まず、FCザンクトパウリのホームはレーパーバーンのすぐ近くで、徒歩でも10分程度で行ける距離にあります。
このレパーバーンこそ、「世界で最も罪深い1マイル」などとも称されるドイツ最大の歓楽街です。
日本でいえば新宿の歌舞伎町となるでしょうか。ただ実際の雰囲気はかなり異なります。どちらも喧騒の街ですが、当然ながら港町の歓楽街にある特有の背徳感は歌舞伎町にはありません。

また、歌舞伎町も国際的な街といえますが、レーパーバーンと比較すると全くローカルな印象になってしまいます。
それはハンブルクがドイツ屈指の港湾都市であり、しかも歴史も古く、世界中から長い航海を経て港へ上陸した船員が集まる場所だからです。
世界中から集まった大勢の海の男たちは、この港から歓楽街へと駆け込んでいきました。いわゆる風俗産業が発展し、同性愛者なども集まり、混沌とした街になっていきました。同時に合法・非合法関係なく、あらゆる移民も集まり、世界の様々な文化がこの街に交差する独特な世界をつくりあげていきました。

FCザンクトパウリはそんな環境にあるチームです。
そのため、このチームのサポーターたちには、マリファナを栽培する人もいれば、拳銃を闇で販売する人、娼婦、自称ミュージシャン、さらにはアナーキストなど、様々な人々で構成されています。しかも人種も様々です。
ある意味で、人種差別とは対極に位置し、ネオナチとも正反対の人といえます。

実際、2006年にはケムニッツFCのサポーターで、排他的な差別主義者たちがレーパーバーンのトルコ人の店を襲ったという事件がありました。
これに対してFCザンクトパウリのサポーターは、勇敢に対抗していきました。
彼らにとってネオナチや右派のフーリガンに対して、まちなかでの戦闘は珍しくないことだったのです。
ケムニッツは旧東ドイツの都市で、ここでは、2018年にネオナチによりユダヤ料理店が襲撃を受けたという事件もありました。

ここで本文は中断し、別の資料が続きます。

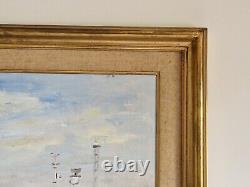 Huile sur carton paysage marin tableau ancien marine signé encadré bateau port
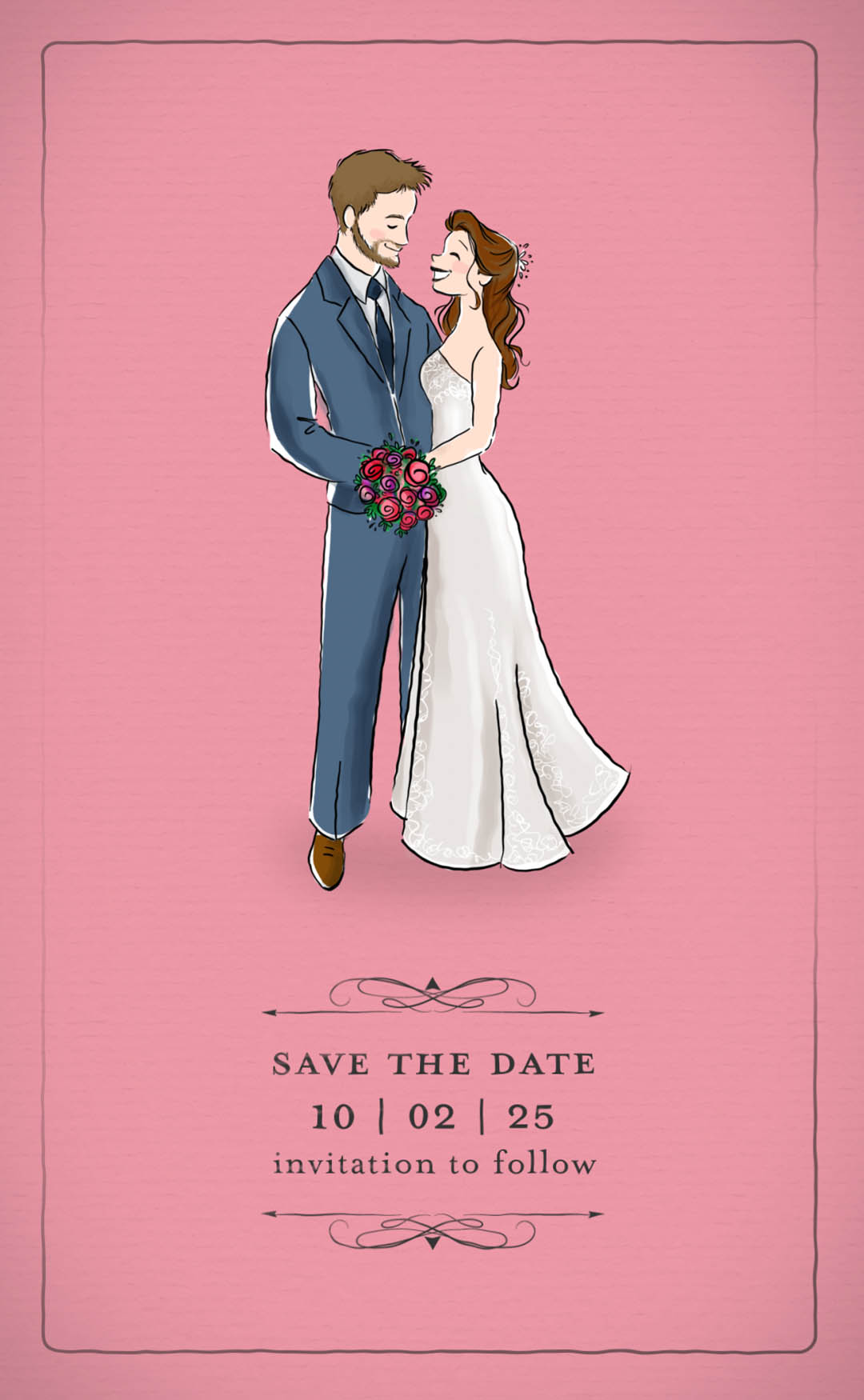 An illustrated bride and groom couple peer into each others eyes with their wedding details written underneath.
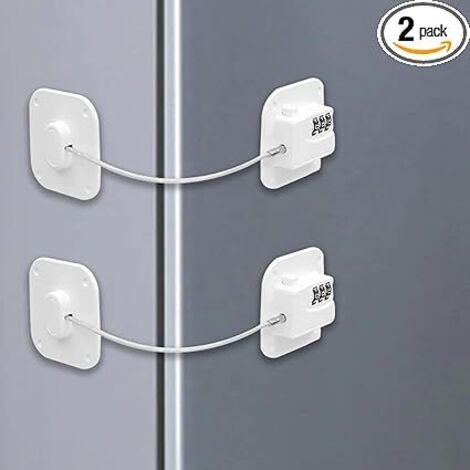 Lot de 2 Serrure Frigo avec Code, Cadenas Frigo pour Enfants, Adhésive Verrou de Réfrigérateur à Combinaison, Securite Bloque pour Porte Frigo Fenêtre Placards Armoires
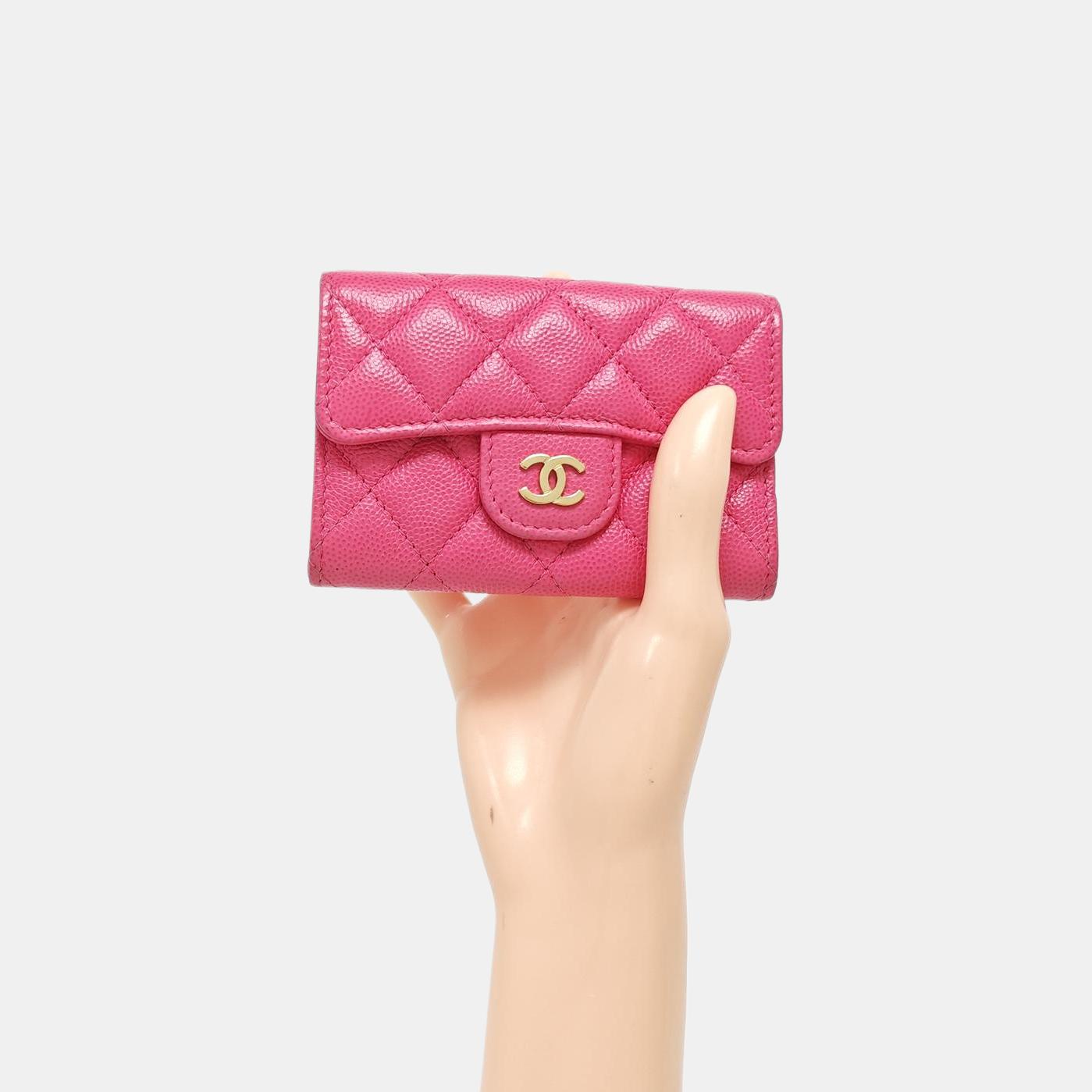 CLASSIC FLAP Quilted Grained Calfskin Pink Card Holder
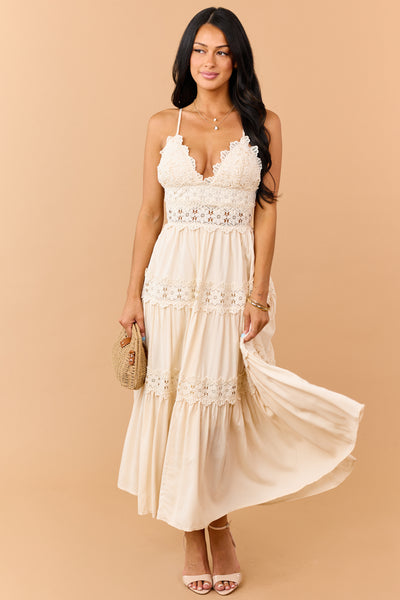 Cream Crochet Lace Open Back Tiered Maxi Dress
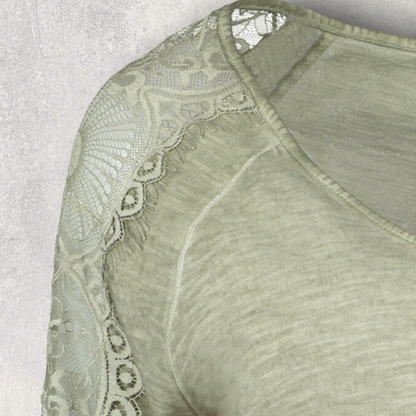 Pomodoro Khaki V-Neck Lace Top UK 14/16 US 10/12 EU 42/44 Timeless Fashions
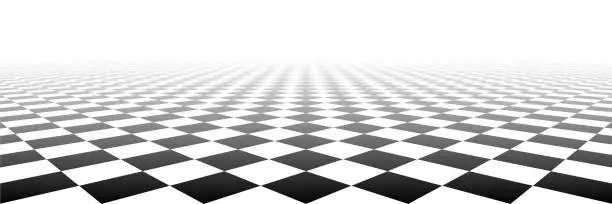 Vector illustration of Checkered tile geometric perspective checkerboard surface material vector background illustration.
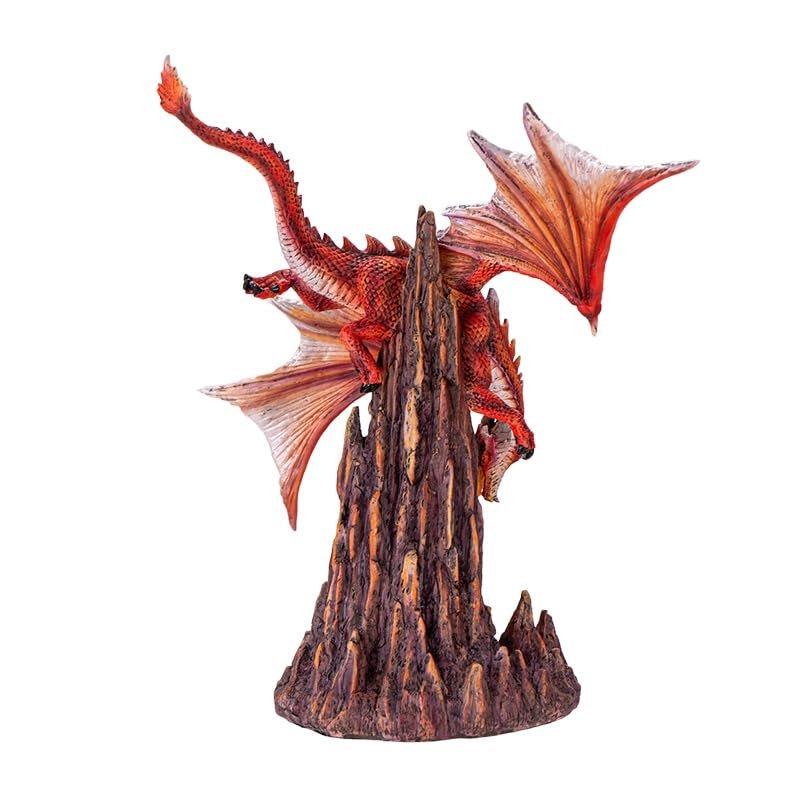 Pacific Giftware Fury Fire Dragon Figurine Red Dragon Sculpture Breathing Fire Over Volcanic Rock Base Dragon Dungeon Decor and Home Display 13 Inches Tall
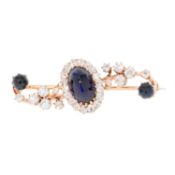 Brosche mit Saphircabochons und Altschliffdiamanten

ネオナチを「右」とするならザンクト・パウリは完全な「左」となりますが、そのように形式的に語るのは無理があるかもしれません。
確かに彼らは人種・民族から職業、性別等々、差別のない人たちといえます。しかしそのような状況になったのは、レーパーバーンの土壌によるものです。非合法も含む混沌とした街に集まる人々によって、ある種の共同体に似た独特の空間がつくられてきたからです。
それを左翼的と表現するには違和感があります。
ただ、船便輸送での限界点もあり、港湾労働者たちの不況による解雇や賃金問題があり、いわゆる労働者階級の問題が発生していたのは事実です。ストライキなども多くあり、その混乱を助長するように反体制の人々が加勢したりすることで、左翼色が出たことは事実といえます。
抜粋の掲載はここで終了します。